** GIVEN DATA follows **
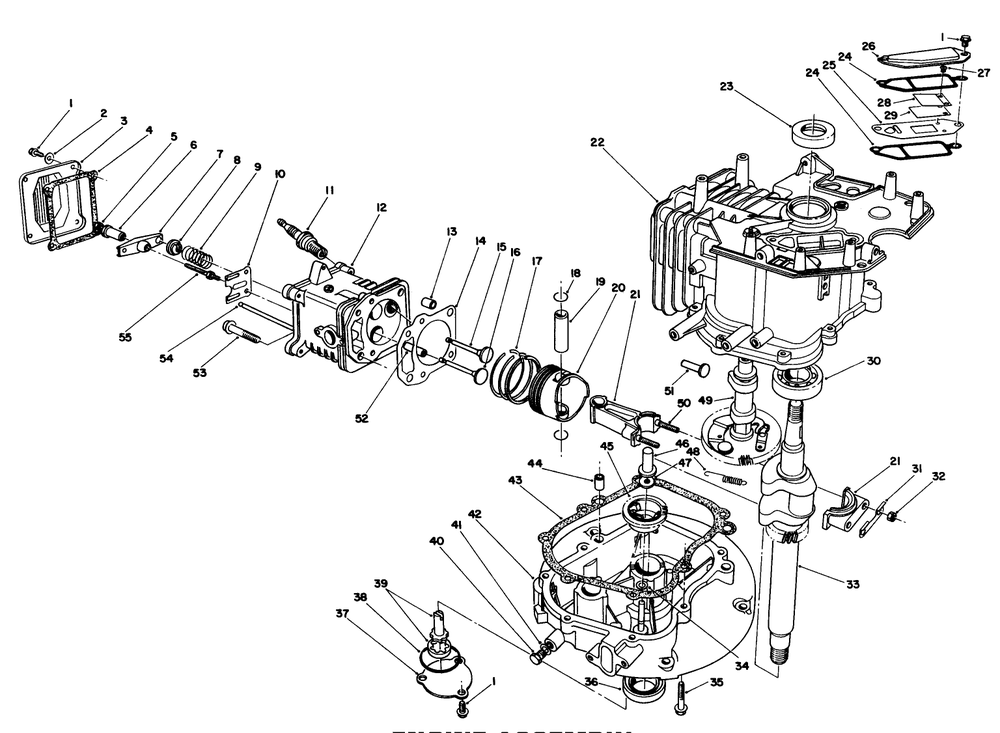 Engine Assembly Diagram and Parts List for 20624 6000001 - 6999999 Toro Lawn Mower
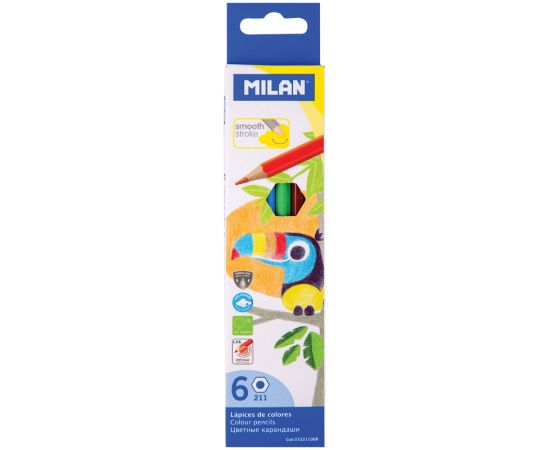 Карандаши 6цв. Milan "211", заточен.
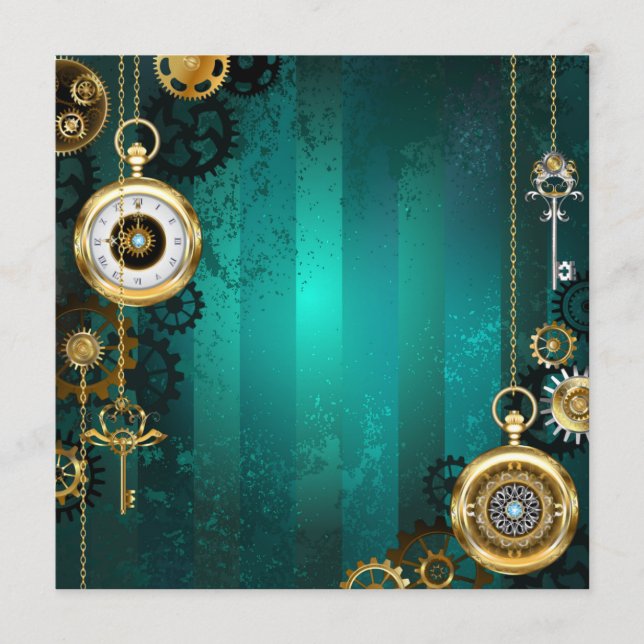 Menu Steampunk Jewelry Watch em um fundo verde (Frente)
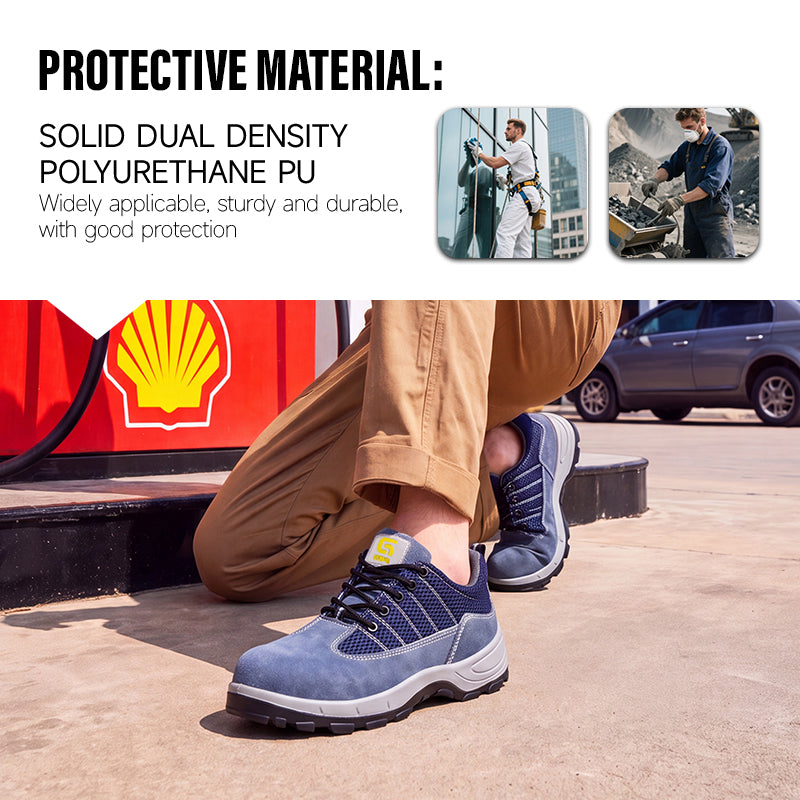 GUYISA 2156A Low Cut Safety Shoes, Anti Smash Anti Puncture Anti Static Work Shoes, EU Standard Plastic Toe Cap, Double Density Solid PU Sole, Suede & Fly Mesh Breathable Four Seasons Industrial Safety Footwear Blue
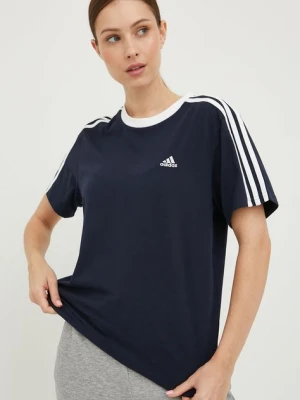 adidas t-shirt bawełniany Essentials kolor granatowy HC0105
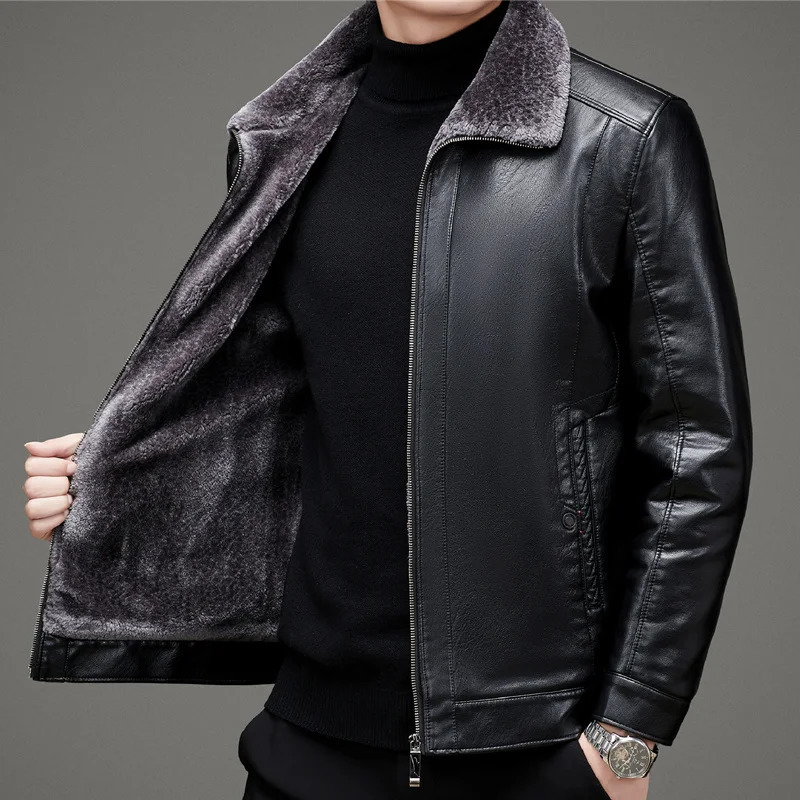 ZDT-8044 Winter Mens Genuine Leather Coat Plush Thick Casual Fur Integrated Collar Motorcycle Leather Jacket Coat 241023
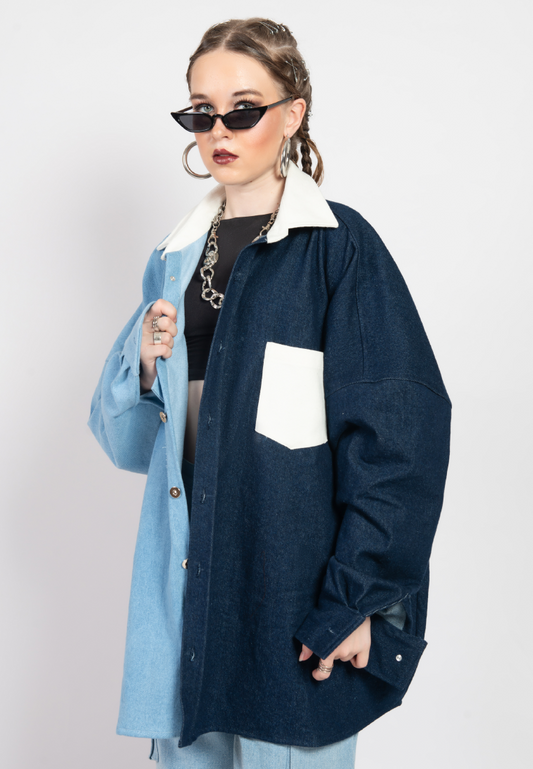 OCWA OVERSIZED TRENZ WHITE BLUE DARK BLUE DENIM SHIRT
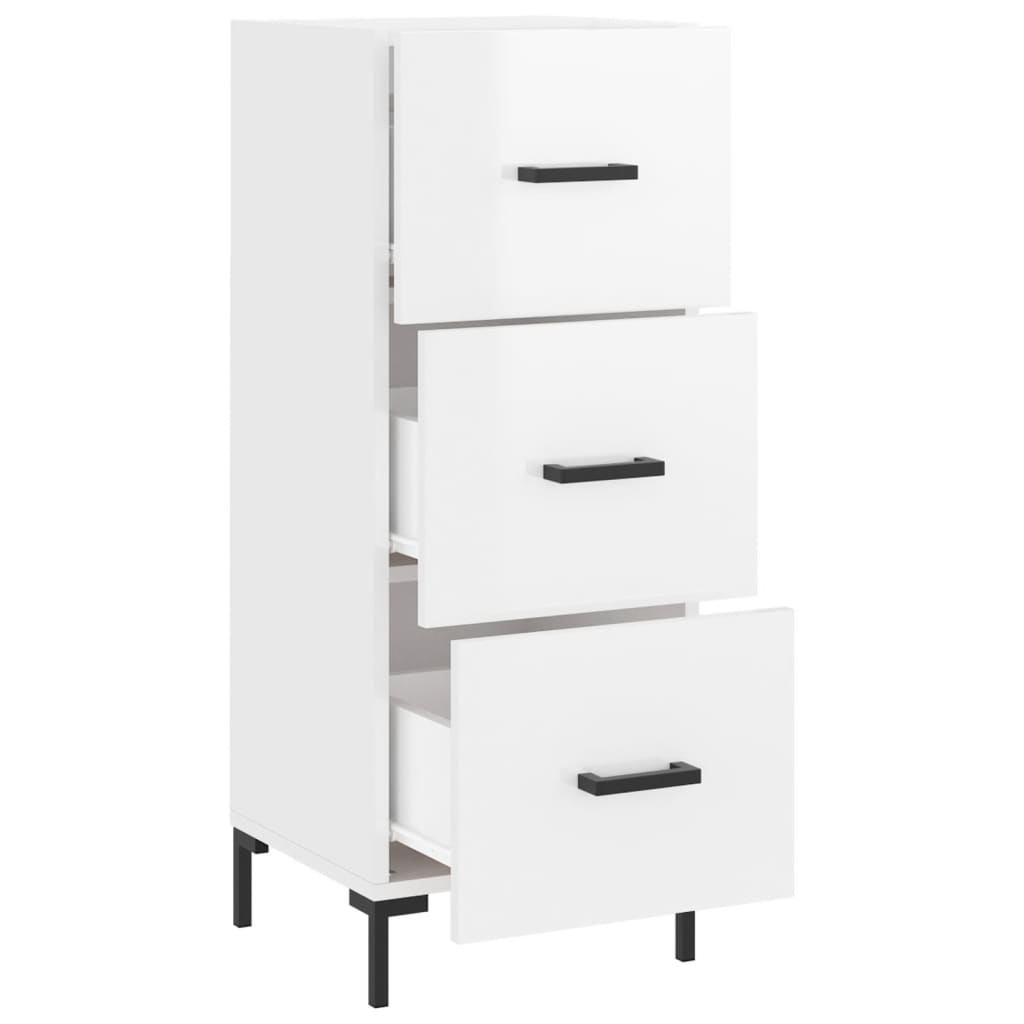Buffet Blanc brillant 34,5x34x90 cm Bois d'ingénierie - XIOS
** End of GIVEN DATA **
TASK TO CARRY OUT =>
Output the data above exactly; pictures do not belong in the copy.

RESPONSE TO THIS TASK =>
 Engine Assembly Diagram and Parts List for 20624 6000001 - 6999999 Toro Lawn Mower
 Карандаши 6цв. Milan "211", заточен.
 Menu Steampunk Jewelry Watch em um fundo verde (Frente)
 GUYISA 2156A Low Cut Safety Shoes, Anti Smash Anti Puncture Anti Static Work Shoes, EU Standard Plastic Toe Cap, Double Density Solid PU Sole, Suede & Fly Mesh Breathable Four Seasons Industrial Safety Footwear Blue
 adidas t-shirt bawełniany Essentials kolor granatowy HC0105
 ZDT-8044 Winter Mens Genuine Leather Coat Plush Thick Casual Fur Integrated Collar Motorcycle Leather Jacket Coat 241023
 OCWA OVERSIZED TRENZ WHITE BLUE DARK BLUE DENIM SHIRT
Buffet Blanc brillant 34,5x34x90 cm Bois d'ingénierie - XIOS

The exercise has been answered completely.